Granted, my discovery was there for the noticing because, when it comes to protecting dopamine flow associated with understanding how a neurotransmitter usurps free will, Freaks, like Freeks and Norms, tend to ignore dopamine repellent information, no matter how obvious it is.
4) Think Like a Hustler
“We should also note the obvious point that no one likes to feel manipulated. Too many incentive schemes are thinly disguised grabs for leverage or money, so it shouldn’t be surprising that some people push back. Thinking like a Freak may sometimes sound like an exercise in using clever means to get exactly what you want, and there’s nothing wrong with that.” – Steven D. Levitt, Stephen J. Dubner
It’s ironic how Levitt and Dubner’s books are filled with inspiring tales of Freaks who risked everything to champion mostly selfless breakthroughs. Then the authors’ show how little they understand Freaks by offering petty advice about hoodwinking marks without letting them know they’re being conned.
5) Think Like a Quitter
“Now that we’ve arrived at these last pages, it’s pretty obvious: quitting is at the very core of thinking like a Freak.” – Steven D. Levitt, Stephen J. Dubner
This is possibly the most inane advice in the book. On the bright side, Freaks are unlikely to listen and Freeks might benefit from it.
How is it possible neither author realized they chose the Freaks lionized in their books because, despite years of rejections, dismissals, condemnations, setbacks, smug putdowns, and worse, they refused to quit?

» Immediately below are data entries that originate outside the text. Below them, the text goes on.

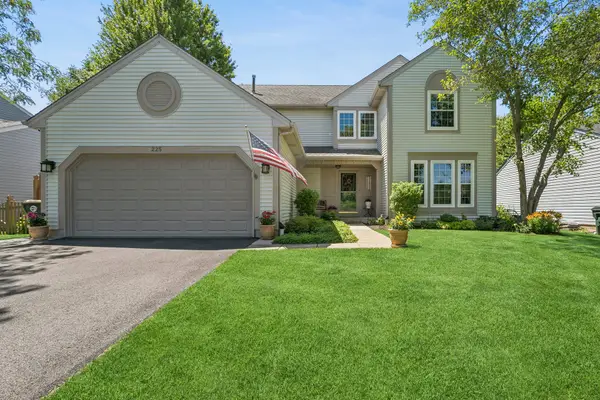 225 E Brittany Lane, Hainesville, IL 60030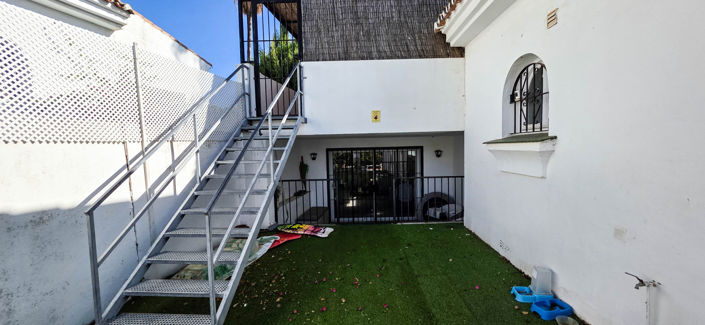 Image No.28-5 Bed Villa for sale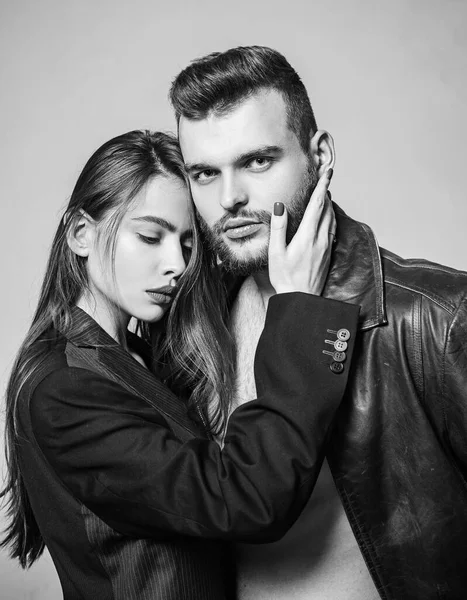 Fashion couple. Sensual lovers. Girlfriend passionate red lips and man leather jacket. Passionate hug. Couple passionate people in love — Stok fotoğraf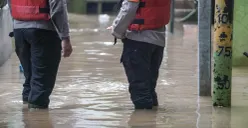 Ilustrasi, warga berjalan melintasi banjir di Kebon Pala, Jatinegara, Jakarta Timur. (Sumber: Poskota/Bilal Nugraha Ginanjar)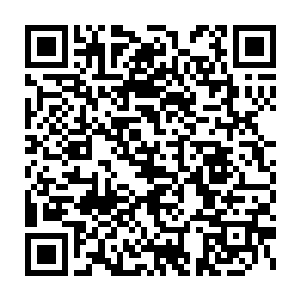 许琴扬许星繁和许麟三个人成三角将杨家天尊初期巅峰包围在中间二维码生成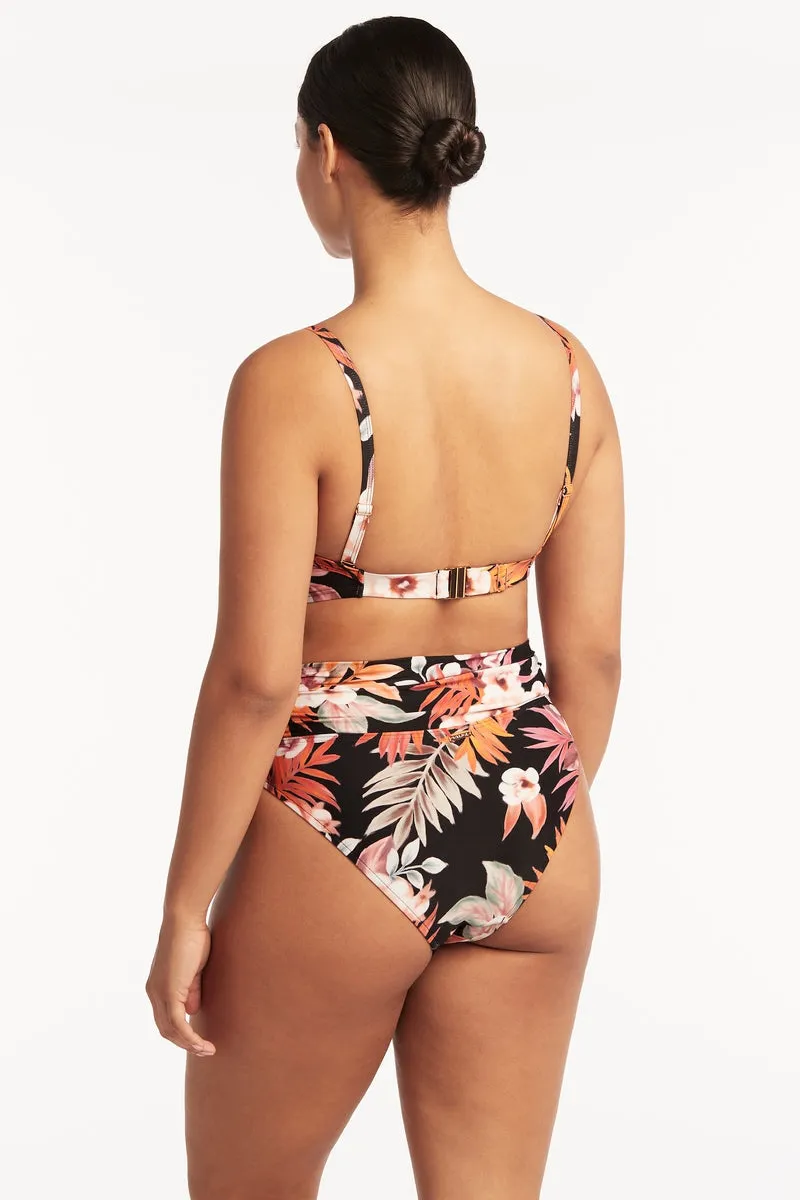 Escape Twist Front DD/E Bra sold by Sea Level Australia product image thumbnail 5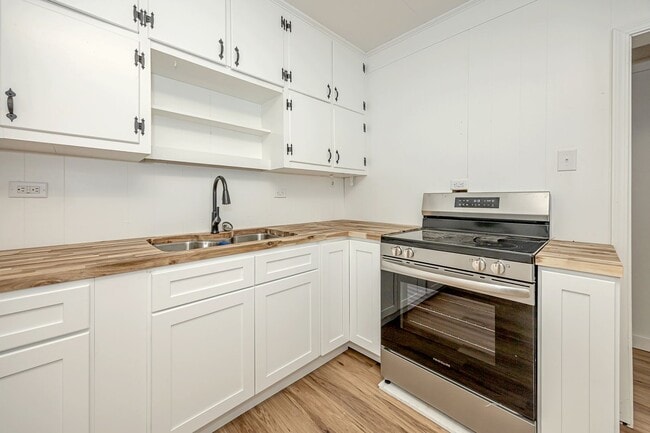 Building Photo - Freshly Renovated Rental Property!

As Alejandro Gaviria noted in his Amazon.com review of Think Like a Freak, “But the stories, not the free advice, are the most valuable part of this failed book. In the last chapter, the authors recognized that, after three Freaknomics books, perhaps it was time to think about quitting. If they had heeded their own advice, they’d have quit earlier and they’d have never written this book.”

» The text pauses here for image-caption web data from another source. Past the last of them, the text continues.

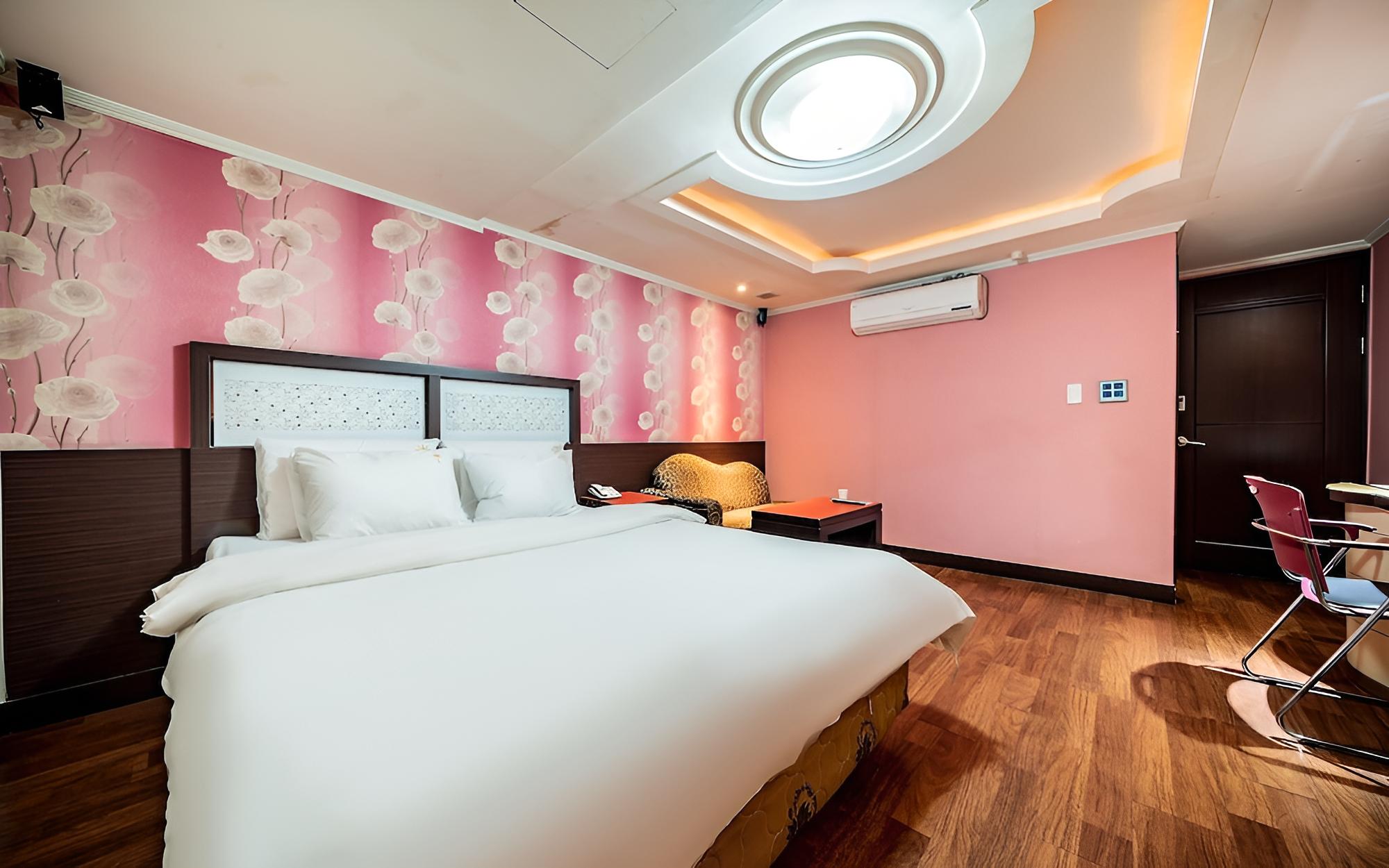 Room (Standard Room) photo 1
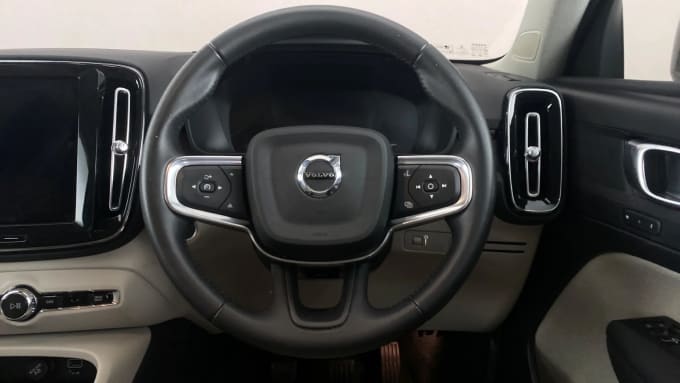 2021 Volvo Xc40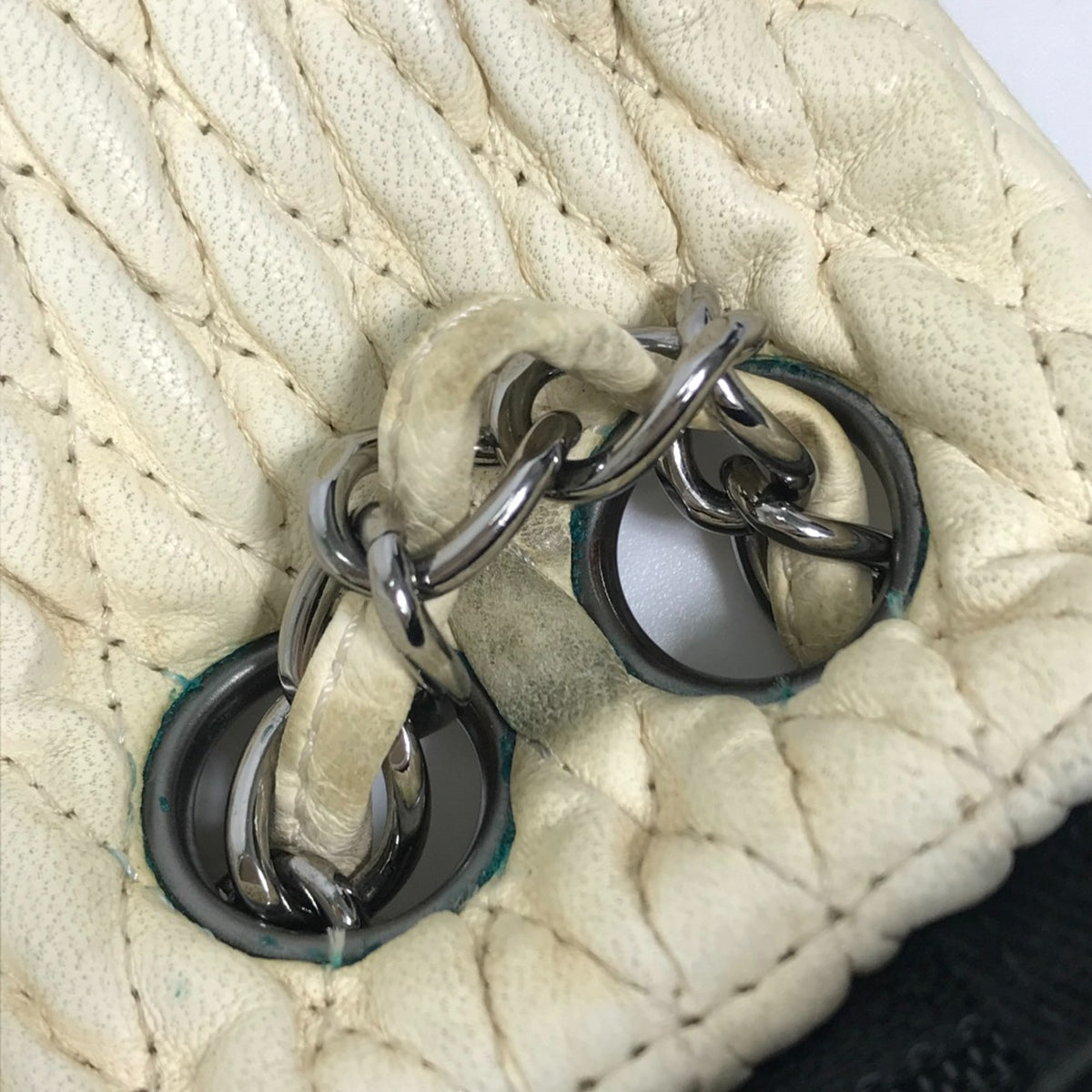 Chanel White Leather Shoulder Bag (Pre-Owned)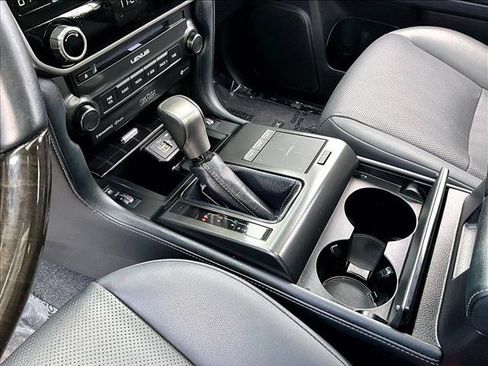 Used 2023 Lexus GX 460 Premium w/ Accessory Package AWD/4WD image 15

While I totally agree the stories are the most valuable part and partially agree about the authors quitting sooner, I don’t consider TLAF a failed book. What Levitt and Dubner accomplished is entrepreneurial and impressive. They took a topic Malcolm Gladwell would have covered in a single book, wrapped it in a gimmicky title, and turned it into a cash cow they’ve been milking for years. That said, I would have given them a lot more credit if they’d simply rode into the sunset instead of glorifying quitting to convince themselves throwing in the towel somehow proved they think like Freaks.

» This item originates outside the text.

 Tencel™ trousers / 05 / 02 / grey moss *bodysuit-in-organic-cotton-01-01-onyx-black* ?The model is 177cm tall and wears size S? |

6) Think Like an Entrepreneur
“Pay attention to how people respond; if their response surprises or frustrates you, learn from it and try something different.”
– Steven D. Levitt, Stephen J. Dubner
In the end, my biggest disappointment with TLAF is how the authors missed a valuable opportunity to help readers by challenging them to honestly evaluate the psychological and emotional (i.e. dopamine related) issues that keep Norms and Freeks from thinking like Freaks. Instead, they opted to entice potential customers by offering an imitation self-help book that confuses thinking like an entrepreneur, hustler, and/or quitter with thinking like a Freak.
The sad truth is even brilliant Freaks fail because they’re so far ahead of the herd there’s simply no way to repackage, reword, refer to insights so dopamine-repellent they freak everyone out. Meanwhile, copycat entrepreneurs succeed all the time by reformulating, reworking, rebranding products, books, and fads that accomplish little more than temporarily satisfying insatiable dopamine cravings on the way to permanently clogging landfills.
On that note, I’d like to end with a piece of useful advice from one my favorite Freaks, Abraham Maslow. Dr. Maslow is famous for formulating a hierarchy of deficiency and being needs by studying healthy individuals, which was the opposite of what his colleagues were doing.
“I have learned the novice can often see things that the expert overlooks. All that is necessary is not to be afraid of making mistakes or of appearing naive.”